Sabtu, 20 Mei 2017

Perjalanan Menemukan Sekolah

Oleh Akhmad Zamroni

Di manakah sekolah berada
jalan ke sekolah itu ke selatan atau utara?
Konon, sekolah ada di mana-mana
di kota, desa, perbukitan, dan tepi hutan
di pulau-pulau yang jauh dan terpencil.
“Engkau tak perlu khawatir tak memperoleh sekolah, Nak,” 
kata Pak Lurah. “Setiap seratus langkah engkau akan 
menjumpai sekolah. Teruskan saja usahamu
dan jangan pernah menyerah.”
Kuteruskan langkahku menuju sekolah.
“Mencari sekolah sekarang sungguh sangat susah!” 
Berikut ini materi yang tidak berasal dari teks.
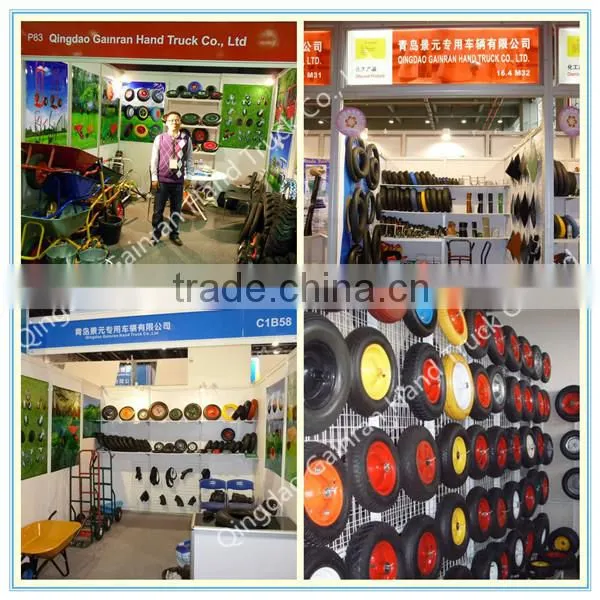 Heavy duty caster wheel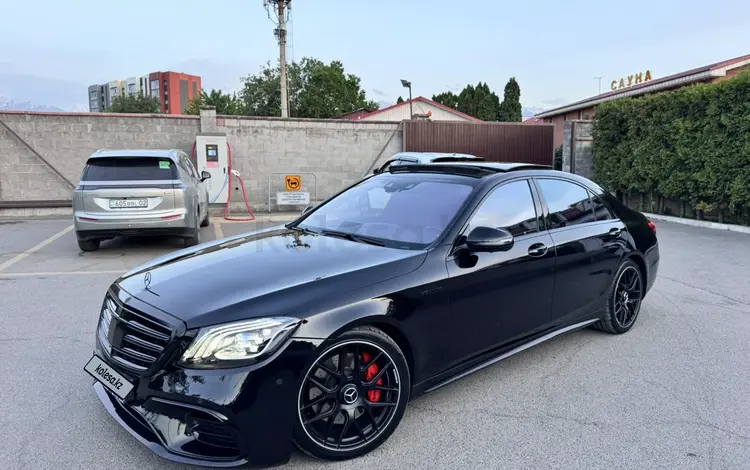 Mercedes-Benz S 500 2014 года за 23 500 000 тг. в Алматы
kata seorang pedagang buah. 
“Sekolah memang ada di mana-mana, 
tapi untuk diterima di sekolah bermutu rendah saja 
biaya pendaftarannya tidaklah murah.”
Aku tak begitu peduli dan terus berjalan menuju sekolah.
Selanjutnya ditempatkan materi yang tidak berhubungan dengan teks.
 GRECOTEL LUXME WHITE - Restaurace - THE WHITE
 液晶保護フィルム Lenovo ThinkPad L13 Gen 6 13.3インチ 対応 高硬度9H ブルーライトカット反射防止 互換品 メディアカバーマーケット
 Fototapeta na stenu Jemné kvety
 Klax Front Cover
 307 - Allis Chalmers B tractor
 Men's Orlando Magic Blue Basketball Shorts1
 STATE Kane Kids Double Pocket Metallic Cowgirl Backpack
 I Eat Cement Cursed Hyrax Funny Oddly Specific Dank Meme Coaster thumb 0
“Sekolah yang bagaimana yang kauidamkan, Nak?” 
tanya seorang pegawai pemerintah. 
“Yang berbiaya mahal, tak perlu mengikuti pelajaran, 
tetapi dijamin dapat ijazah, atau yang berbiaya murah 
dan harus mengikuti pelajaran setiap hari, 
tetapi sepuluh tahun belum tentu dapat tanda bukti?”
Di sudut jalan kudengar obrolan orang di warung kopi
mereka ragu apakah pendidikan masih punya arti
setiap tahun ribuan sarjana diluluskan
setiap bulan jutaan orang menunggu pekerjaan.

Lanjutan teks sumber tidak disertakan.